NEW YORK — The Dow Jones industrial average extended its push past 11,000 Tuesday after expectations grew that stronger corporate earnings would signal that a recovery is on track.
Stocks fell in early trading after quarterly results from aluminum producer Alcoa missed expectations. Major indexes later poked higher as traders jockeyed for position ahead of earnings from leading chipmaker Intel, which reported strong results after the closing bell.
By the close, the Dow had tacked on about 13 points. The Dow on Monday finished above 11,000 for the first time in a year and a half.
The results from Alcoa brought a disappointing start to the flow of earnings reports from the January-March quarter.
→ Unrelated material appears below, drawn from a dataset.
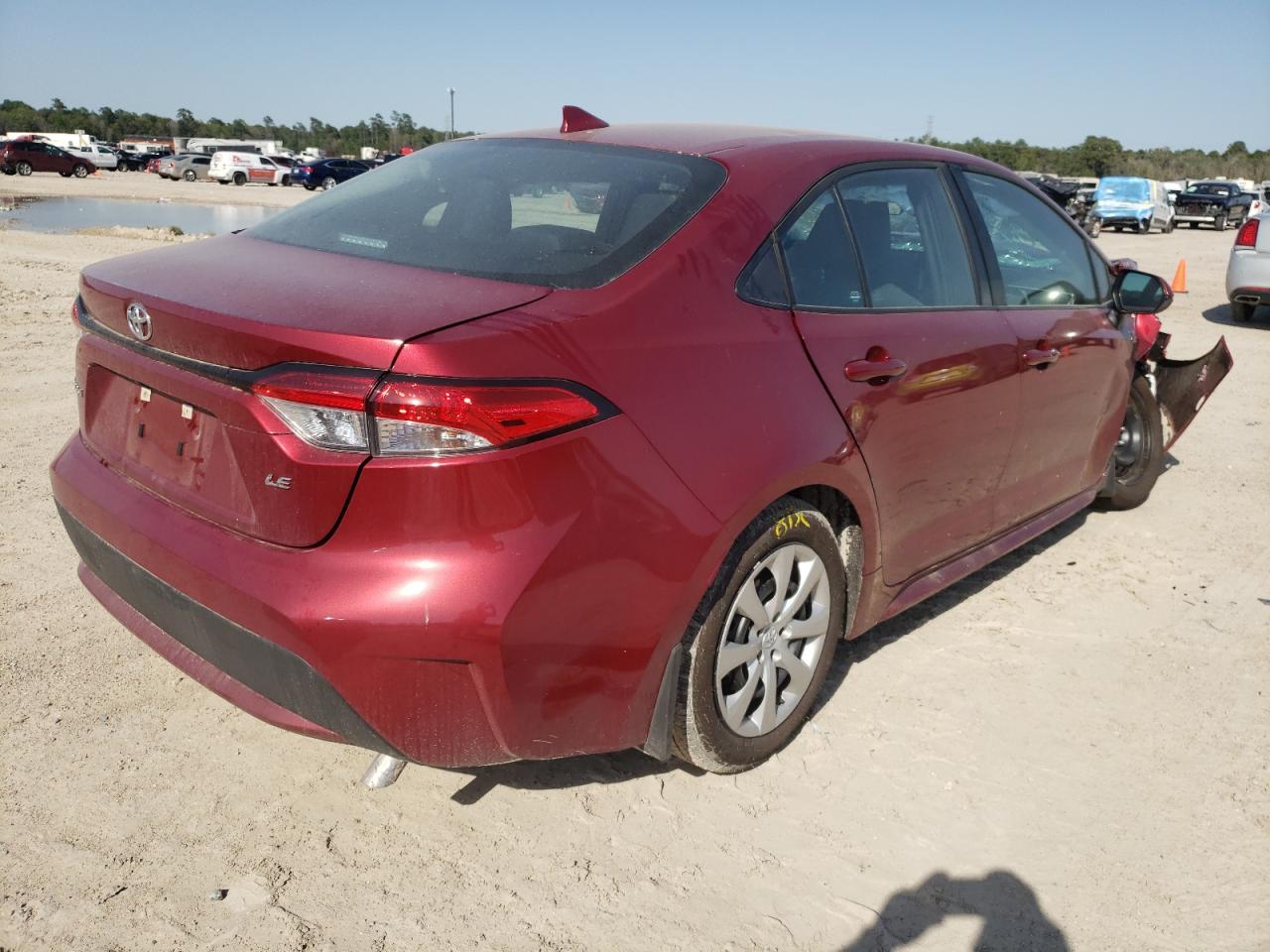 Photo 4 from auction – 2022 TOYOTA COROLLA LE with VIN 5YFEPMAEXNP299822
But analysts said the company’s performance didn’t provide a good indication of how other companies would do.
Alcoa was the first of the 30 Dow stocks to report results.
The mood could brighten today after Intel’s report. The company said its first-quarter profit nearly quadrupled from a year earlier, when it booked a big loss on an investment. The company’s earnings and revenue came in ahead of analysts’ expectations and brought more evidence that businesses are again spending on technology after a drop during the financial crisis.
Jim McDonald, chief investment strategist at Northern Trust in Chicago, said earnings reports are likely to top expectations because few companies have warned that their results will miss forecasts.
“If we continue with this pace, at the end of the second quarter we will be at a new all-time high for earnings for the U.S. economy,” he said. “That’s a pretty stunning achievement.”
The stock market has been rising for 13 months on signs that the economy is improving. But some are concerned the rise has come too quickly.
The Dow rose 13.45, or 0.1 percent, to 11,019.42, its highest close since September 2008. The Dow has risen for four straight days and is up on 10 of the past 13 days.
The Standard & Poor’s 500 rose 0.82, or 0.1 percent, to 1,197.30, while the Nasdaq composite rose 8.12, or 0.3 percent, to 2,465.99.
Since major stock indexes hit 12-year lows last year, there have been five pullbacks of as much as 8 percent in the S&P 500. None has topped the 10 percent mark that would signify a correction.
There have been few drops in the past two months. Instead, stocks have been notching a string of steady gains.
“The market has ground higher steadily,” said Adrian Cronje, chief investment officer at the investment firm Balentine in Atlanta. “It’s up a little bit every day, a little bit every day. And that tends to lull people into complacency.”